*Problem requirements*
Skipping any pictures, give all of the records below again exactly.

*Stored data*
= = = =
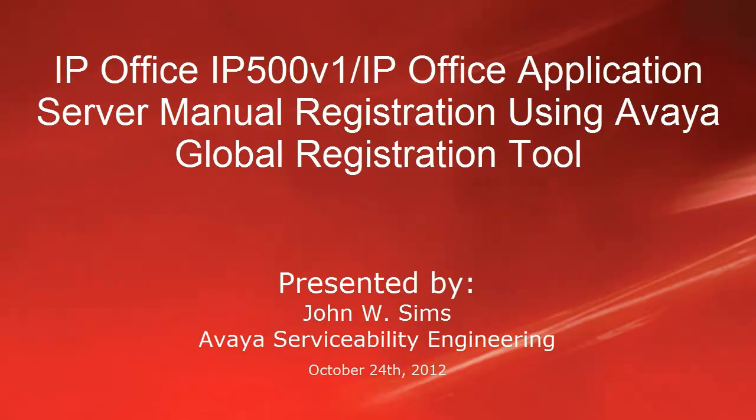Hello, this is John Sims with the Avaya Serviceability Engineering Team. In this video I'll cover how to manually register using the Global Registration Tool, the IP Office IP500v1 Core Unit, or the IP Office Application Server.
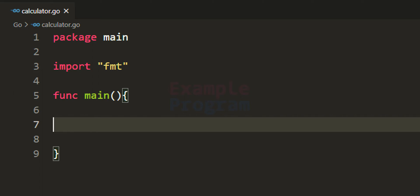Welcome to the channel. In this tutorial we will see how we can create a simple calculator using the Go programming language.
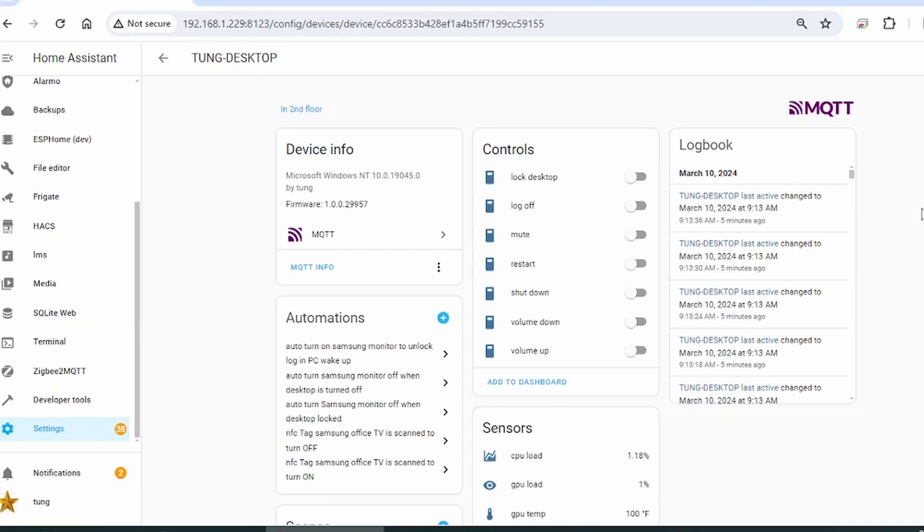Today I'm going to show you how to convert your own laptop or desktop Windows machines into devices that you can monitor with Home Assistant.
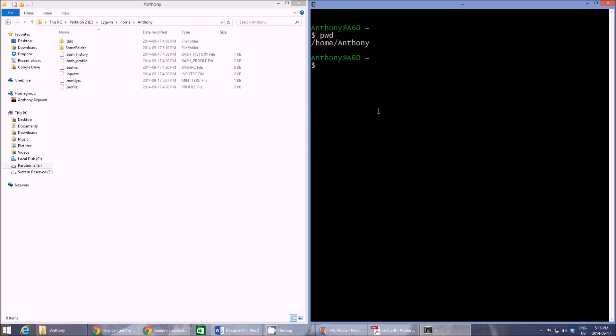So any commands we type or if we want to compile something, we have to be in the folder that contains the files that we need.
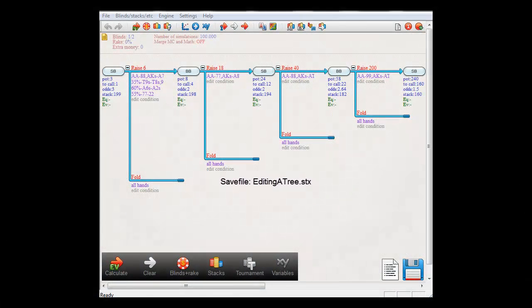I've already discussed how to use variables in one of the earlier videos. Once again, whenever you can enter a number in the tree, you can also enter a variable instead. For example, in this tree, instead of making BigBlind raise to 18, you can also make him raise to variable 1.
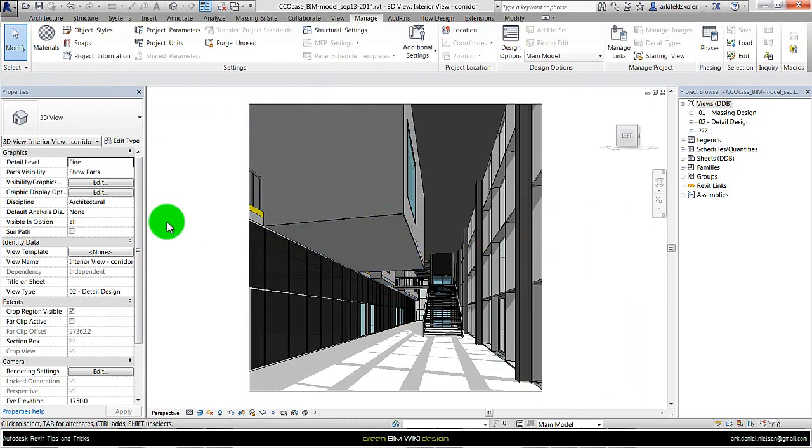In other videos I have shown how to simulate and specify glazed materials and other materials.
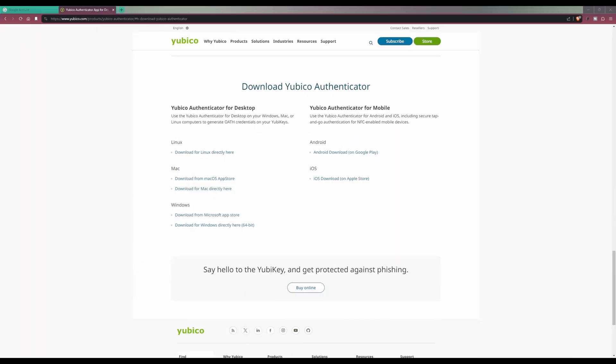In this video I'm going to explain and show you how to use passkeys and store them securely on any YubiKey 5 series key. In this example I'm going to be setting up a passkey to access my Google account, so it secures all of my Google services: YouTube, Google Docs and so on.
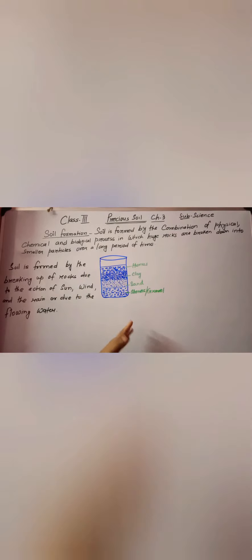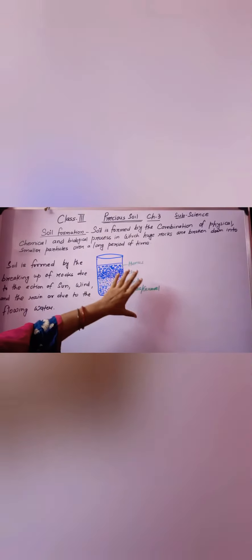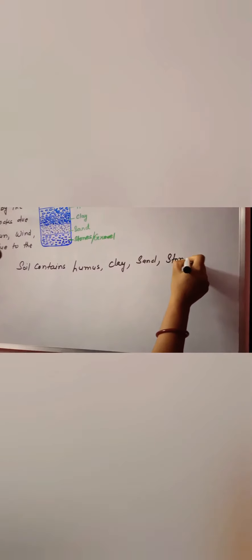Here you can see, I can just explain this one. I can just draw one picture like this - whenever you pour the soil in a certain container, how it looks like. The outer layer is the humus, the top layer is the humus, then this one is the clay, and this one is the stone, and this one is the gravel. Like this, the soil contains humus, clay, sand, stones or gravel.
= = = =
*Answer space*
Hello, this is John Sims with the Avaya Serviceability Engineering Team. In this video I'll cover how to manually register using the Global Registration Tool, the IP Office IP500v1 Core Unit, or the IP Office Application Server.
Welcome to the channel. In this tutorial we will see how we can create a simple calculator using the Go programming language.
Today I'm going to show you how to convert your own laptop or desktop Windows machines into devices that you can monitor with Home Assistant.
So any commands we type or if we want to compile something, we have to be in the folder that contains the files that we need.
I've already discussed how to use variables in one of the earlier videos. Once again, whenever you can enter a number in the tree, you can also enter a variable instead. For example, in this tree, instead of making BigBlind raise to 18, you can also make him raise to variable 1.
In other videos I have shown how to simulate and specify glazed materials and other materials.
In this video I'm going to explain and show you how to use passkeys and store them securely on any YubiKey 5 series key. In this example I'm going to be setting up a passkey to access my Google account, so it secures all of my Google services: YouTube, Google Docs and so on.
Here you can see, I can just explain this one. I can just draw one picture like this - whenever you pour the soil in a certain container, how it looks like. The outer layer is the humus, the top layer is the humus, then this one is the clay, and this one is the stone, and this one is the gravel. Like this, the soil contains humus, clay, sand, stones or gravel.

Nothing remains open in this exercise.